■ Records from a data source
= Beginning of Section =

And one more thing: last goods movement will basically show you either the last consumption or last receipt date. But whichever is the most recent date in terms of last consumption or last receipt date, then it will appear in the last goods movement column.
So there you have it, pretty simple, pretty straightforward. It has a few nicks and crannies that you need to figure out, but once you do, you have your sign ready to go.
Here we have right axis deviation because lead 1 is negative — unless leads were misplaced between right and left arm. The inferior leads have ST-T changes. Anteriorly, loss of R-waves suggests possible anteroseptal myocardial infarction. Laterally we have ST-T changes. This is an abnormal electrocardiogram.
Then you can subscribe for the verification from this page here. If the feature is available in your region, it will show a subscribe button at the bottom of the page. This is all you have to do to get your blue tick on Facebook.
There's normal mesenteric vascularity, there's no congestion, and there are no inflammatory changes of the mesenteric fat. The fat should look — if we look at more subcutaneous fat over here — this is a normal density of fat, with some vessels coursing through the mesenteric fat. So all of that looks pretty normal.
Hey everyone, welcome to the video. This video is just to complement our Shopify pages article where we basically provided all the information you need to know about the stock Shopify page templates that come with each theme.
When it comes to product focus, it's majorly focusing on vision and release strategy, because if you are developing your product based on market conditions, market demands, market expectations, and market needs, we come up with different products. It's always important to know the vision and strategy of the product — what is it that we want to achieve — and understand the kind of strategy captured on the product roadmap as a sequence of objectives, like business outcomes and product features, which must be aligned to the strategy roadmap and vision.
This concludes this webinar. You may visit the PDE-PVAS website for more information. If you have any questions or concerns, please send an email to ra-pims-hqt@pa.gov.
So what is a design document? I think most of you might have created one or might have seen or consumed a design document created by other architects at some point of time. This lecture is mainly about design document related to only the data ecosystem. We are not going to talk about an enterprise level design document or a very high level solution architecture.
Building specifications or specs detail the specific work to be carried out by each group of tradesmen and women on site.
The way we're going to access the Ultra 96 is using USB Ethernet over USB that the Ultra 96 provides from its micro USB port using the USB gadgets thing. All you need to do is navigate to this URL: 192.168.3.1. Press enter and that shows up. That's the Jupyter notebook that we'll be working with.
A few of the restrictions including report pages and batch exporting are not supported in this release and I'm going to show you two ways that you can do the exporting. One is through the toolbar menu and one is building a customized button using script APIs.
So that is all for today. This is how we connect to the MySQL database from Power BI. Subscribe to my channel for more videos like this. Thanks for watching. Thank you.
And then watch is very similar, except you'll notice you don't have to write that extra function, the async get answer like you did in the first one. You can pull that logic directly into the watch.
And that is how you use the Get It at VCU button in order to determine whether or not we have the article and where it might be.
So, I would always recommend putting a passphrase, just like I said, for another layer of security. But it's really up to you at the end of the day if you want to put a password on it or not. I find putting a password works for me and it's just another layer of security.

= End of Section =

Give back each record, exactly as it reads.

And one more thing: last goods movement will basically show you either the last consumption or last receipt date. But whichever is the most recent date in terms of last consumption or last receipt date, then it will appear in the last goods movement column.
So there you have it, pretty simple, pretty straightforward. It has a few nicks and crannies that you need to figure out, but once you do, you have your sign ready to go.
Here we have right axis deviation because lead 1 is negative — unless leads were misplaced between right and left arm. The inferior leads have ST-T changes. Anteriorly, loss of R-waves suggests possible anteroseptal myocardial infarction. Laterally we have ST-T changes. This is an abnormal electrocardiogram.
Then you can subscribe for the verification from this page here. If the feature is available in your region, it will show a subscribe button at the bottom of the page. This is all you have to do to get your blue tick on Facebook.
There's normal mesenteric vascularity, there's no congestion, and there are no inflammatory changes of the mesenteric fat. The fat should look — if we look at more subcutaneous fat over here — this is a normal density of fat, with some vessels coursing through the mesenteric fat. So all of that looks pretty normal.
Hey everyone, welcome to the video. This video is just to complement our Shopify pages article where we basically provided all the information you need to know about the stock Shopify page templates that come with each theme.
When it comes to product focus, it's majorly focusing on vision and release strategy, because if you are developing your product based on market conditions, market demands, market expectations, and market needs, we come up with different products. It's always important to know the vision and strategy of the product — what is it that we want to achieve — and understand the kind of strategy captured on the product roadmap as a sequence of objectives, like business outcomes and product features, which must be aligned to the strategy roadmap and vision.
This concludes this webinar. You may visit the PDE-PVAS website for more information. If you have any questions or concerns, please send an email to ra-pims-hqt@pa.gov.
So what is a design document? I think most of you might have created one or might have seen or consumed a design document created by other architects at some point of time. This lecture is mainly about design document related to only the data ecosystem. We are not going to talk about an enterprise level design document or a very high level solution architecture.
Building specifications or specs detail the specific work to be carried out by each group of tradesmen and women on site.
The way we're going to access the Ultra 96 is using USB Ethernet over USB that the Ultra 96 provides from its micro USB port using the USB gadgets thing. All you need to do is navigate to this URL: 192.168.3.1. Press enter and that shows up. That's the Jupyter notebook that we'll be working with.
A few of the restrictions including report pages and batch exporting are not supported in this release and I'm going to show you two ways that you can do the exporting. One is through the toolbar menu and one is building a customized button using script APIs.
So that is all for today. This is how we connect to the MySQL database from Power BI. Subscribe to my channel for more videos like this. Thanks for watching. Thank you.
And then watch is very similar, except you'll notice you don't have to write that extra function, the async get answer like you did in the first one. You can pull that logic directly into the watch.
And that is how you use the Get It at VCU button in order to determine whether or not we have the article and where it might be.
So, I would always recommend putting a passphrase, just like I said, for another layer of security. But it's really up to you at the end of the day if you want to put a password on it or not. I find putting a password works for me and it's just another layer of security.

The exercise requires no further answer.